Correlation Between Xtrackers MSCI and Invesco SP
Can any of the company-specific risk be diversified away by investing in both Xtrackers MSCI and Invesco SP at the same time? Although using a correlation coefficient on its own may not help to predict future stock returns, this module helps to understand the diversifiable risk of combining Xtrackers MSCI and Invesco SP into the same portfolio, which is an essential part of the fundamental portfolio management process.
By analyzing existing cross correlation between Xtrackers MSCI EAFE and Invesco SP SmallCap, you can compare the effects of market volatilities on Xtrackers MSCI and Invesco SP and check how they will diversify away market risk if combined in the same portfolio for a given time horizon. You can also utilize pair trading strategies of matching a long position in Xtrackers MSCI with a short position of Invesco SP. Check out your portfolio center. Please also check ongoing floating volatility patterns of Xtrackers MSCI and Invesco SP.
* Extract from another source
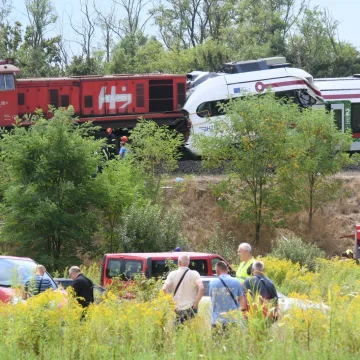 Putnički vlak smrskan nakon sudara s teretnim: Pogledajte prizore s mjesta nesreće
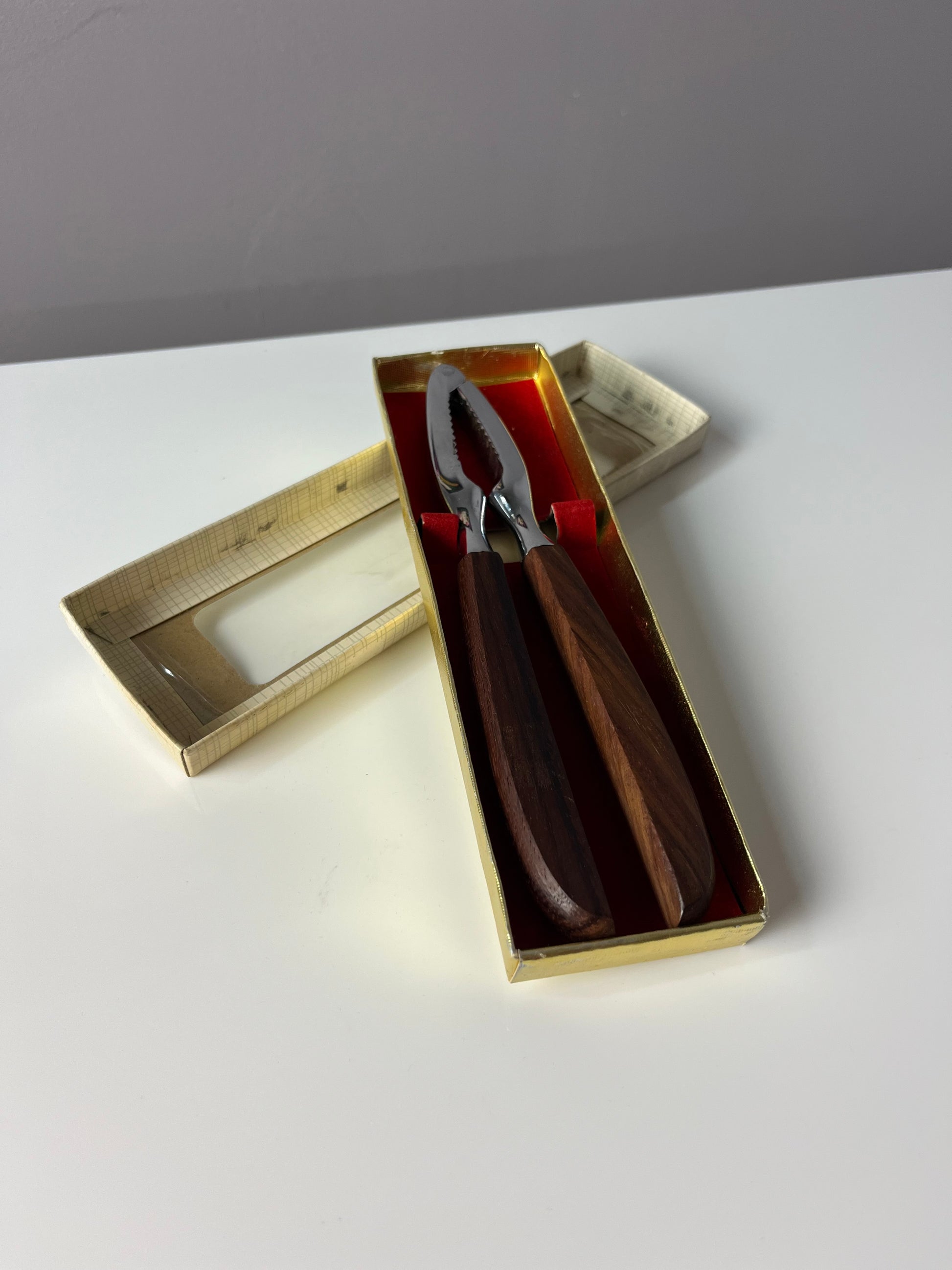 Nussknacker Teak in Originalverpackung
Diversification Opportunities for Xtrackers MSCI and Invesco SP
-0.08 | Correlation Coefficient |
Good diversification
The 3 months correlation between Xtrackers and Invesco is -0.08. Overlapping area represents the amount of risk that can be diversified away by holding Xtrackers MSCI EAFE and Invesco SP SmallCap in the same portfolio, assuming nothing else is changed. The correlation between historical prices or returns on Invesco SP SmallCap and Xtrackers MSCI is a relative statistical measure of the degree to which these equity instruments tend to move together. The correlation coefficient measures the extent to which returns on Xtrackers MSCI EAFE are associated (or correlated) with Invesco SP. Values of the correlation coefficient range from -1 to +1, where. The correlation of zero (0) is possible when the price movement of Invesco SP SmallCap has no effect on the direction of Xtrackers MSCI i.e., Xtrackers MSCI and Invesco SP go up and down completely randomly.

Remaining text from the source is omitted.